[Image-caption web data]
-*-
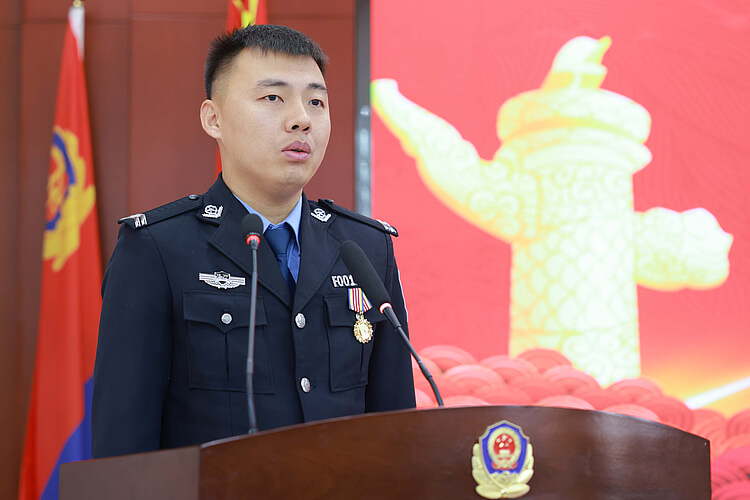 全市公安机关优秀辅警先进事迹宣讲活动走进榆阳公安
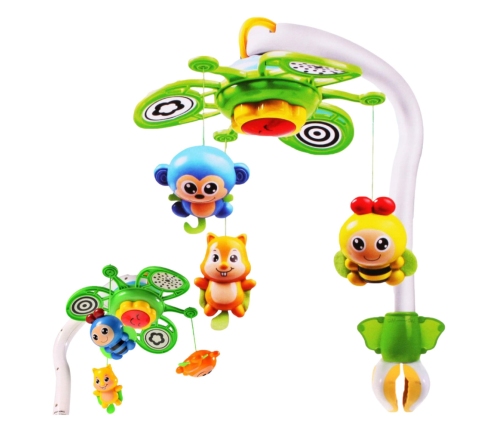 Bed Bell Wind Up Music Mobile Music Box Nursery Crib Decoration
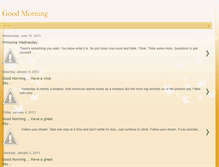 Tablet Screenshot of goodmorningaseem.blogspot.com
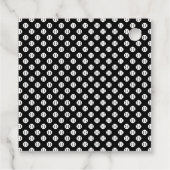 Opvallend tennisthema gepersonaliseerde bruiloft bedankjes labels (Achterkant)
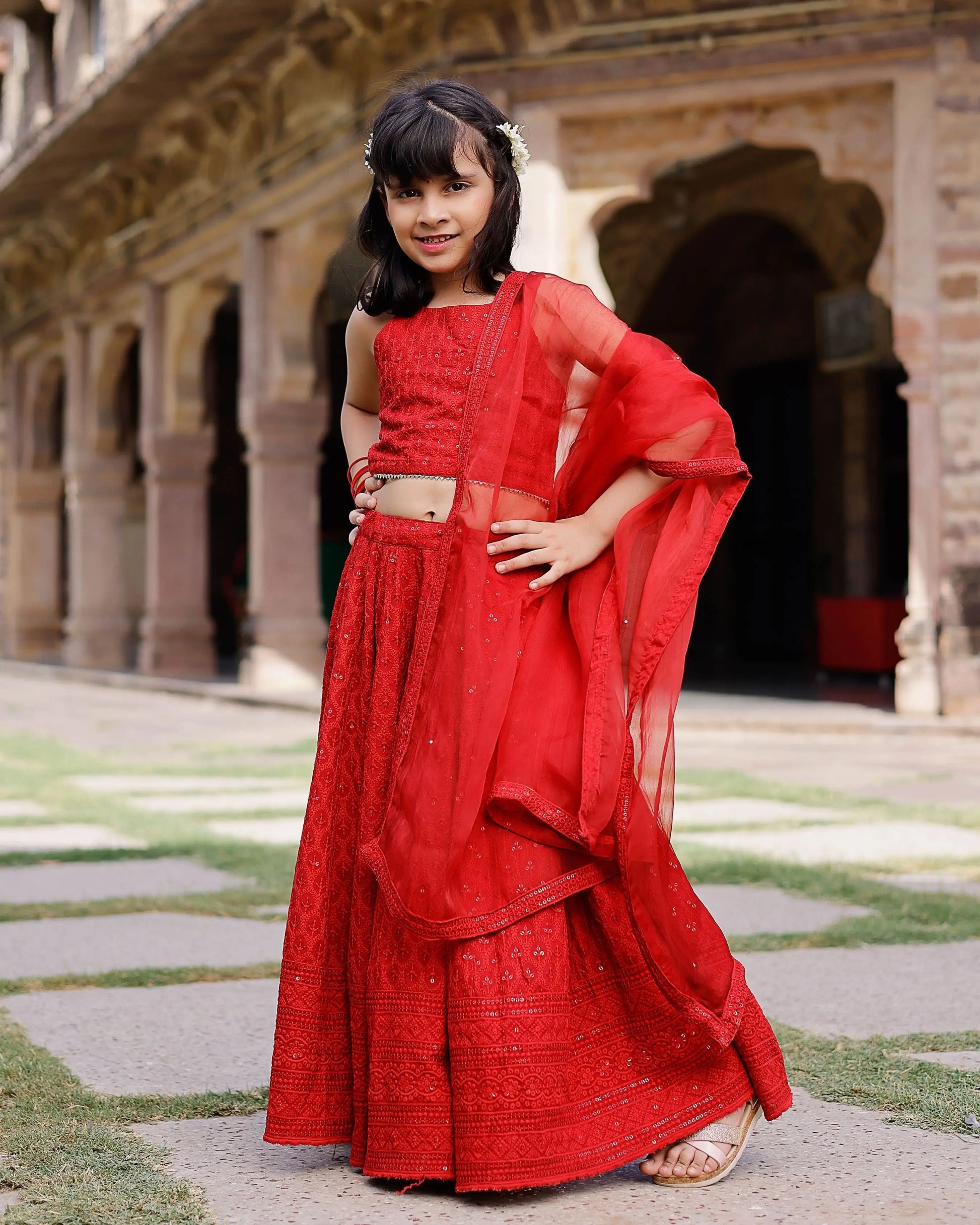 Kai Embroidered Lehenga Set My Store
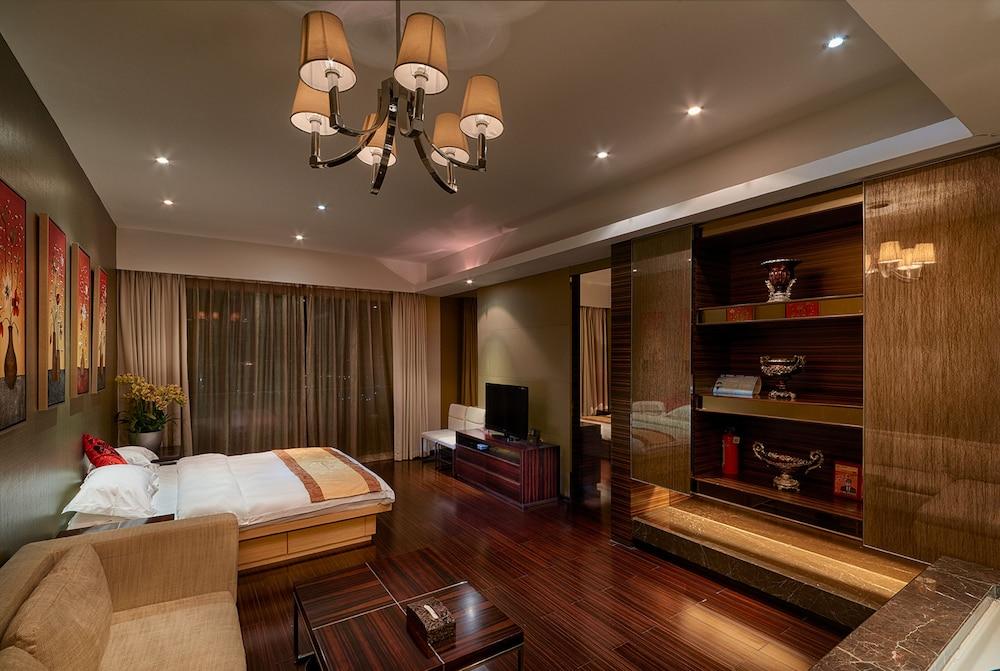 Guangzhou Heefun Apartment - Poly World Trading Center Shajing Bagian luar foto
-*-
> [Description of the task]: Extract every line of the data exactly; pictures stay out.

> [Written response]:
 全市公安机关优秀辅警先进事迹宣讲活动走进榆阳公安
 Bed Bell Wind Up Music Mobile Music Box Nursery Crib Decoration
 Tablet Screenshot of goodmorningaseem.blogspot.com
 Opvallend tennisthema gepersonaliseerde bruiloft bedankjes labels (Achterkant)
 Kai Embroidered Lehenga Set My Store
 Guangzhou Heefun Apartment - Poly World Trading Center Shajing Bagian luar foto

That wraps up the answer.